* What is expected *
From the line containing "verkehrszahlen_april_2023" to the last line of the data, both included, transcribe each line exactly, leaving out pictures and adding nothing.

* Information shown *
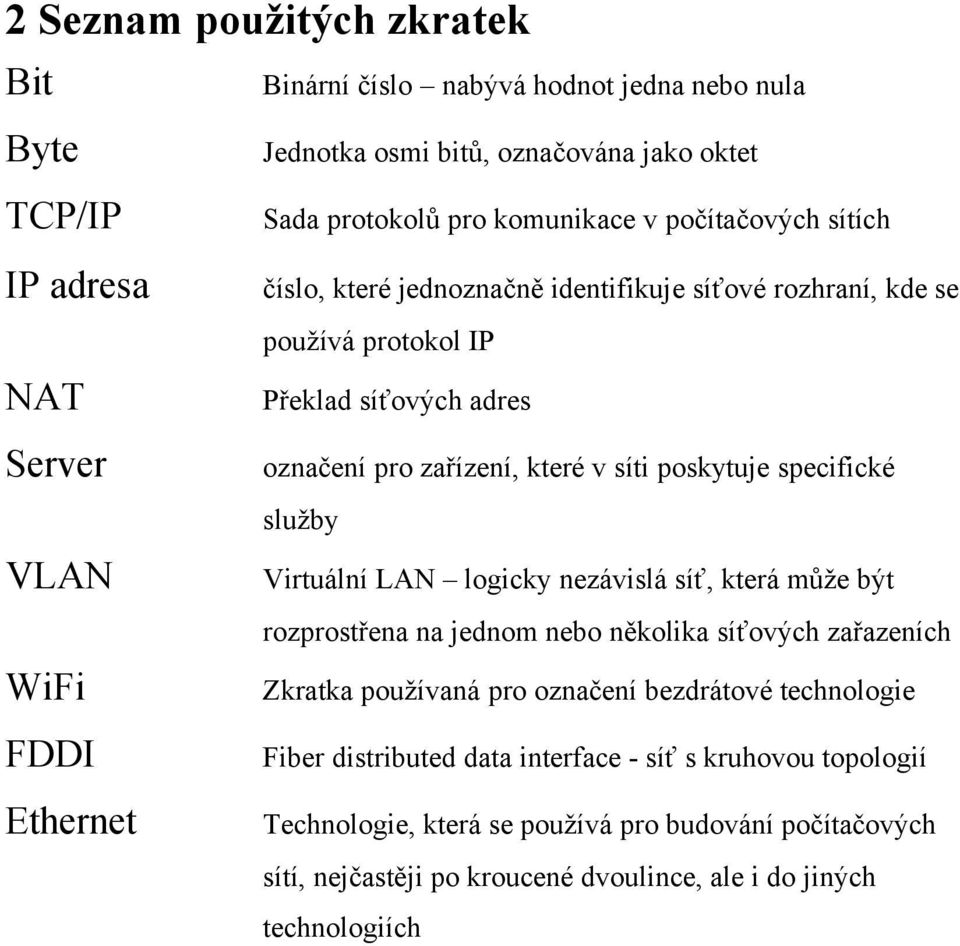 služby VLAN Virtuální LAN logicky nezávislá síť, která může být rozprostřena na jednom nebo několika síťových zařazeních WiFi Zkratka používaná pro označení bezdrátové technologie FDDI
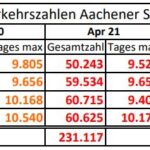 verkehrszahlen_april_2023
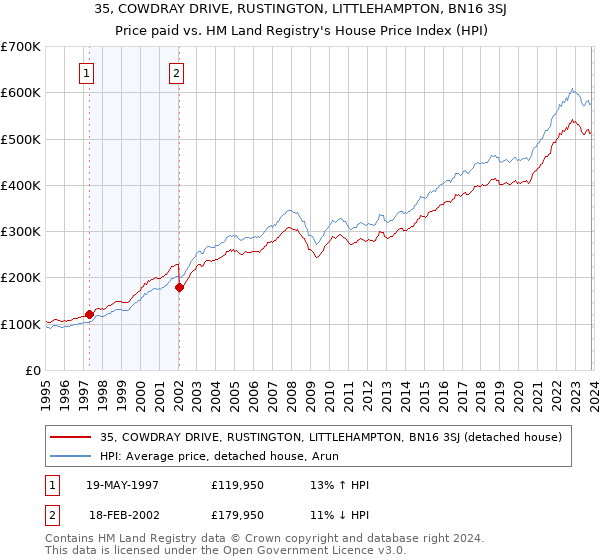 35, COWDRAY DRIVE, RUSTINGTON, LITTLEHAMPTON, BN16 3SJ: Price paid vs HM Land Registry's House Price Index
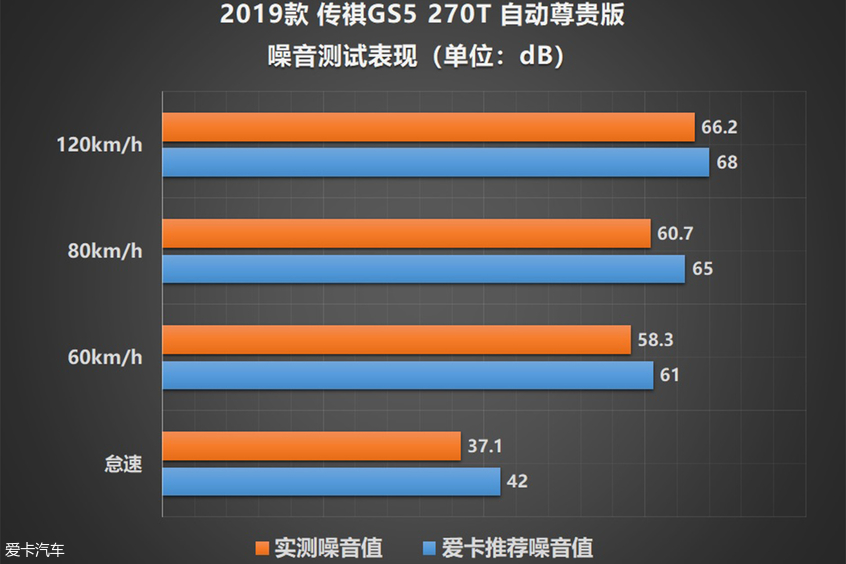 传祺GS5 尊贵版星光银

* Worked solution *
 verkehrszahlen_april_2023
 35, COWDRAY DRIVE, RUSTINGTON, LITTLEHAMPTON, BN16 3SJ: Price paid vs HM Land Registry's House Price Index
 传祺GS5 尊贵版星光银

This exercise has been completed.